When namespaces are defined in the root element of a source file, lxml
reproduces all of them in the output. I need to do this with xml.etree
. Even better would be to only output those that are used, but xml.etree
does not find all of them.
One solution is to add the namespaces forcibly with root.set()
. However, this duplicates any namespaces that xml.etree
does find, as shown below.
Complete example suitable for pasting in a command prompt:
import xml.etree.ElementTree as ET
try:
from io import StringIO
except ImportError:
from StringIO import StringIO
def get_namespaces(sourcestring):
sourcefile = StringIO(sourcestring)
return dict(
[node for _, node in ET.iterparse(sourcefile, events=['start-ns'])])
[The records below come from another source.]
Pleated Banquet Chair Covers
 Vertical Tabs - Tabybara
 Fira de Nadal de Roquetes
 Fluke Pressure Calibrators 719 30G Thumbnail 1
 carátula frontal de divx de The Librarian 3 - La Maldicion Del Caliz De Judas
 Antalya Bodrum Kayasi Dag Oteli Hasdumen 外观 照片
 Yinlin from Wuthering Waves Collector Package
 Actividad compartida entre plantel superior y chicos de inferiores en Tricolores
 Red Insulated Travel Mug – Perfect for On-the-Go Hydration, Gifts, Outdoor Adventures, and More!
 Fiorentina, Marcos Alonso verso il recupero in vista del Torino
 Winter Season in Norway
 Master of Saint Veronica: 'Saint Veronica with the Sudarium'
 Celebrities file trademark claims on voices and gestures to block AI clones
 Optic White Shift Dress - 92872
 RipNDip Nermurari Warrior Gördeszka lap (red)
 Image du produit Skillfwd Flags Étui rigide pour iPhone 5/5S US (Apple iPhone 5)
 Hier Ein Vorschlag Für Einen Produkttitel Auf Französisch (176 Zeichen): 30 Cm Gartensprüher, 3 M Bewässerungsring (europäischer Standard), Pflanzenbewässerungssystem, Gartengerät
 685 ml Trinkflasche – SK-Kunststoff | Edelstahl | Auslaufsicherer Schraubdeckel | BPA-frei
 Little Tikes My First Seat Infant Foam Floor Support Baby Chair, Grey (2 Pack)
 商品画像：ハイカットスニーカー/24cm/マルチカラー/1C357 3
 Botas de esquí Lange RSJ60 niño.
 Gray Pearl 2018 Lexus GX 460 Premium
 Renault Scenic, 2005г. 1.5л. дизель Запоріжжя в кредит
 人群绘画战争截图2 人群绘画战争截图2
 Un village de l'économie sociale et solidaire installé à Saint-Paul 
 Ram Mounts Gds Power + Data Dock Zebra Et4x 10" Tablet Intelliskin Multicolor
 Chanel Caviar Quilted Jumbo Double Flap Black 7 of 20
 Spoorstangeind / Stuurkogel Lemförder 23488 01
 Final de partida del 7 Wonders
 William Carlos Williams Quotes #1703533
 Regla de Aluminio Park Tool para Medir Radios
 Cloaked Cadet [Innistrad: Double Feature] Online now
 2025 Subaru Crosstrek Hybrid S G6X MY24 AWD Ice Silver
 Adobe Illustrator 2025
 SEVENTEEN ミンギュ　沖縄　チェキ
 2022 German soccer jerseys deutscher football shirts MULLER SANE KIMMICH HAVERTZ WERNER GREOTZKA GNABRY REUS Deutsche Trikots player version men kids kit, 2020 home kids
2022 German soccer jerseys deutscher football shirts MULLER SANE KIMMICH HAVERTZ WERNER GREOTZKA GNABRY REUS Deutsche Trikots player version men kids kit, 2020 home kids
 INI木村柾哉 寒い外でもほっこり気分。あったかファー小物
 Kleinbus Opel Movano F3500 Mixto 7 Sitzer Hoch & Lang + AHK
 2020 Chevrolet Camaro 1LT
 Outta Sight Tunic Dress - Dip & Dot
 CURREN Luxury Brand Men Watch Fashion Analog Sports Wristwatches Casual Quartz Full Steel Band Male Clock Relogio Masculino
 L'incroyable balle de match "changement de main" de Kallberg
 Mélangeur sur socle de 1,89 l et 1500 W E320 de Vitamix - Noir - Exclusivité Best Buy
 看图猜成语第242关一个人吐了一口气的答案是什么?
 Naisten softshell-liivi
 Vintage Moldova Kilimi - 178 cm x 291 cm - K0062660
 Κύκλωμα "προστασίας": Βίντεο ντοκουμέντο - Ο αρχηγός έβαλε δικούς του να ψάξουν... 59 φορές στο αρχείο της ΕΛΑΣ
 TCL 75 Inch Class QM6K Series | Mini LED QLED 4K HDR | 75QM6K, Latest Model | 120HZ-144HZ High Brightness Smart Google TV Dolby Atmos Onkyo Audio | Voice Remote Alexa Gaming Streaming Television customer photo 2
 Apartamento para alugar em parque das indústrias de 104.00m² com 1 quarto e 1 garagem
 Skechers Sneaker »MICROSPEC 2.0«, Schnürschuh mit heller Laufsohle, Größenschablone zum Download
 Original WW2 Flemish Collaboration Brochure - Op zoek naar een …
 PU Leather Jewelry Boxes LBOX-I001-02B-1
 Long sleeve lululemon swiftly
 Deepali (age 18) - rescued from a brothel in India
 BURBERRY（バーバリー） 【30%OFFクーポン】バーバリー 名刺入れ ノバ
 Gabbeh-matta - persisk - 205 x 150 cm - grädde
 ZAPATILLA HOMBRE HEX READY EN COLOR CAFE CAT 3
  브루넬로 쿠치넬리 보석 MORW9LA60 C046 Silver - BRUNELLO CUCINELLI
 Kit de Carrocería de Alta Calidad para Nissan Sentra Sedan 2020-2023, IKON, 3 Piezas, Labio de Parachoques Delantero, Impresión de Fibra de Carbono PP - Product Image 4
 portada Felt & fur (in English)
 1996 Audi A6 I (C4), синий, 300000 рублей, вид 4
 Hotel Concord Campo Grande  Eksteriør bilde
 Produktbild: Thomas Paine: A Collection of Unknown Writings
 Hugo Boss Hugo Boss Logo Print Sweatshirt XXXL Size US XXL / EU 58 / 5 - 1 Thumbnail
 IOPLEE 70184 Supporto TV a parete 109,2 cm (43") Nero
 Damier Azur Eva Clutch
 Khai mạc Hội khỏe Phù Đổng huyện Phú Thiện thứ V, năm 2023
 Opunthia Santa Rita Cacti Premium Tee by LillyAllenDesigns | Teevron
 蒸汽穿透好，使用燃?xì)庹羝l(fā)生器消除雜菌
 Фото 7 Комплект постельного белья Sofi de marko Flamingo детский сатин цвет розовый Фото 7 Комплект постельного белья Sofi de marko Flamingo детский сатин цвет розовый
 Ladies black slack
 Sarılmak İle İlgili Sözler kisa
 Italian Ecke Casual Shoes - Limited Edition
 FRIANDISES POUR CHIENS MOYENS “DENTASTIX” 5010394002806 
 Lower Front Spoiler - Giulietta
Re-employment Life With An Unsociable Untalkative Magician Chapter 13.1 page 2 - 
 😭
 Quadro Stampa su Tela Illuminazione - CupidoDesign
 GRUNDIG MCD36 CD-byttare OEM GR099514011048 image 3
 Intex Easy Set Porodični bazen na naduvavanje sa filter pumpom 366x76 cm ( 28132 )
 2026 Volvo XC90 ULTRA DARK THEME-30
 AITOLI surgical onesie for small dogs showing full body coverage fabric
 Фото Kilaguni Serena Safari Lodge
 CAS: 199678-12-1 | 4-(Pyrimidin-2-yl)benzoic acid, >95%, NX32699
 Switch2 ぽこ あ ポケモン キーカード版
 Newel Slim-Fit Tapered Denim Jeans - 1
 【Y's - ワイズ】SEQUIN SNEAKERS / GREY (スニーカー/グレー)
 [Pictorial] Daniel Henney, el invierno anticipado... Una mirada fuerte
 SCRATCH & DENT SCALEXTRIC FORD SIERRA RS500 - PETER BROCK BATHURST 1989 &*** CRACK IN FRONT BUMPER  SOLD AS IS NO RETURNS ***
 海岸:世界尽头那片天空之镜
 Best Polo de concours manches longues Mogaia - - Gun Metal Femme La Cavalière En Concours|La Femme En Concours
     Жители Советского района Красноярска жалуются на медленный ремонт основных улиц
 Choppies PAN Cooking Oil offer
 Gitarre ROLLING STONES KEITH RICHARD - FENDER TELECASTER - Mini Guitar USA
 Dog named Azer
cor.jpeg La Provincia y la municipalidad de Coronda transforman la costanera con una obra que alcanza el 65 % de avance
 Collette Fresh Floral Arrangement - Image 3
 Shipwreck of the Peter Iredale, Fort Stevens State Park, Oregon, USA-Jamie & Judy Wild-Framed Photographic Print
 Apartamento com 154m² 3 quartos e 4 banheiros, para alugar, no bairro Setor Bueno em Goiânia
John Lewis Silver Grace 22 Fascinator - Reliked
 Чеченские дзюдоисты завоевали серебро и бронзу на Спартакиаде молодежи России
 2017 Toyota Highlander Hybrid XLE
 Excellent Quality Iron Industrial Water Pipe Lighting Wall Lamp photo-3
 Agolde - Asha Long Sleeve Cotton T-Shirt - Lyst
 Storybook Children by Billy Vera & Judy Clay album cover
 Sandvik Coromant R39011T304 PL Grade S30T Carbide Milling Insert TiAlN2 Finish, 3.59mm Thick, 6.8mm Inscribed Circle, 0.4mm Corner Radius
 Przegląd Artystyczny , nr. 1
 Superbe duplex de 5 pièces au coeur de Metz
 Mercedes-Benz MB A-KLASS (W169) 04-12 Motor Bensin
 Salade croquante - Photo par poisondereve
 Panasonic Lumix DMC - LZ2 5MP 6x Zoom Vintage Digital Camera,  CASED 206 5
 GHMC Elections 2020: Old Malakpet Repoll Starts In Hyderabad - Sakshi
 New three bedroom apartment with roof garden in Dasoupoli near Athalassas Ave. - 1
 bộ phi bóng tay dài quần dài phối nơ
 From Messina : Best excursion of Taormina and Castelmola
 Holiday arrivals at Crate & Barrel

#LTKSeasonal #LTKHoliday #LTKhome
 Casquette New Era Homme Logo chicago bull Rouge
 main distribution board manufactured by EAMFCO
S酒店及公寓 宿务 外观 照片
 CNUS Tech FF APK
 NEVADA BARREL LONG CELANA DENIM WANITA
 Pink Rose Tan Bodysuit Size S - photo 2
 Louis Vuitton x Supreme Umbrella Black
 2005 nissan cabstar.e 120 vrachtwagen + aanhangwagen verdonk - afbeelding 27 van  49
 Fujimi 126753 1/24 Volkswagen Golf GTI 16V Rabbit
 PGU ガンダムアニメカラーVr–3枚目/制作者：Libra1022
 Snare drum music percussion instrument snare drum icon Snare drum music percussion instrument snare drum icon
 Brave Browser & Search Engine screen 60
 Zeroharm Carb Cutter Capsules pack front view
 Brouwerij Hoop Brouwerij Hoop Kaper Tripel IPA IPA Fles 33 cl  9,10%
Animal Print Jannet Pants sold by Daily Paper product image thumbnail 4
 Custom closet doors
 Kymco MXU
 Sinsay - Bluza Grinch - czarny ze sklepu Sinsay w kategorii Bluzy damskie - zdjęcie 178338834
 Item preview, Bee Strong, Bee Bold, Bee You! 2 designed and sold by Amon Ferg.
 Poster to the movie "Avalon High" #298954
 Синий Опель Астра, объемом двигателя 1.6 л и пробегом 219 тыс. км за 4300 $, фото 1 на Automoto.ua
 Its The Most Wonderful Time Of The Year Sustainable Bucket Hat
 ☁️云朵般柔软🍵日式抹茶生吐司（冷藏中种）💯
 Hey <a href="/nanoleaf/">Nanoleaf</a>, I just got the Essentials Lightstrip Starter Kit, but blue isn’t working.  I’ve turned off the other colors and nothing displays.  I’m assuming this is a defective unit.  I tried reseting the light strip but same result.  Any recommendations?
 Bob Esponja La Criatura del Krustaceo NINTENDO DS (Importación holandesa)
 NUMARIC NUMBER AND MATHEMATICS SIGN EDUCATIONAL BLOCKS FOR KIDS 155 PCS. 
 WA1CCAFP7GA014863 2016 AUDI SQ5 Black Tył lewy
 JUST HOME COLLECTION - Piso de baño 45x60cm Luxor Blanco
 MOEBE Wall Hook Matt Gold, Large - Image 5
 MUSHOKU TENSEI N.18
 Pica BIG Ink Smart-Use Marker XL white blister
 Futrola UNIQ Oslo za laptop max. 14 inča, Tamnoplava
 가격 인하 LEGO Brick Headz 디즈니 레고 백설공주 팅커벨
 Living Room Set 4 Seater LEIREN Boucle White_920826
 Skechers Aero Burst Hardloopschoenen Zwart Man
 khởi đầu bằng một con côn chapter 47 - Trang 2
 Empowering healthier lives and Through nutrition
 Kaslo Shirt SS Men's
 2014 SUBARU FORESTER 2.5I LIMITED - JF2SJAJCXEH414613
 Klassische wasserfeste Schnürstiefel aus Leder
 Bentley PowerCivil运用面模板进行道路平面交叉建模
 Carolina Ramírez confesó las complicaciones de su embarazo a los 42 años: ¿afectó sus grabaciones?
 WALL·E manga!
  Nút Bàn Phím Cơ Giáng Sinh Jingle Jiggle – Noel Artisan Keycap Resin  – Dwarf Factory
ET._namespace_map = dict() # remove any previously registered namespaces
sourcetext = (
'<desc xmlns="uri_a" xmlns:b="uri_b" xmlns:c="uri_c"'
' b:foo="c:bar">a</desc>')
source = ET.fromstring(sourcetext)
namespaces = get_namespaces(sourcetext)
for prefix, uri in namespaces.items():
ET.register_namespace(prefix, uri)
if prefix:
tag = 'xmlns:' + prefix
else:
tag = 'xmlns'
source.set(tag, uri)
print(ET.tostring(source, encoding='unicode'))
The result, which causes my application to fail:
<desc xmlns="uri_a" xmlns:b="uri_b" xmlns="uri_a" xmlns:b="uri_b" xmlns:c="uri_c" b:foo="c:bar">a</desc>
This is similar to Forcing xml.etree to output "unused" namespaces, but the namespaces come from a source file so they are not known by the Python code.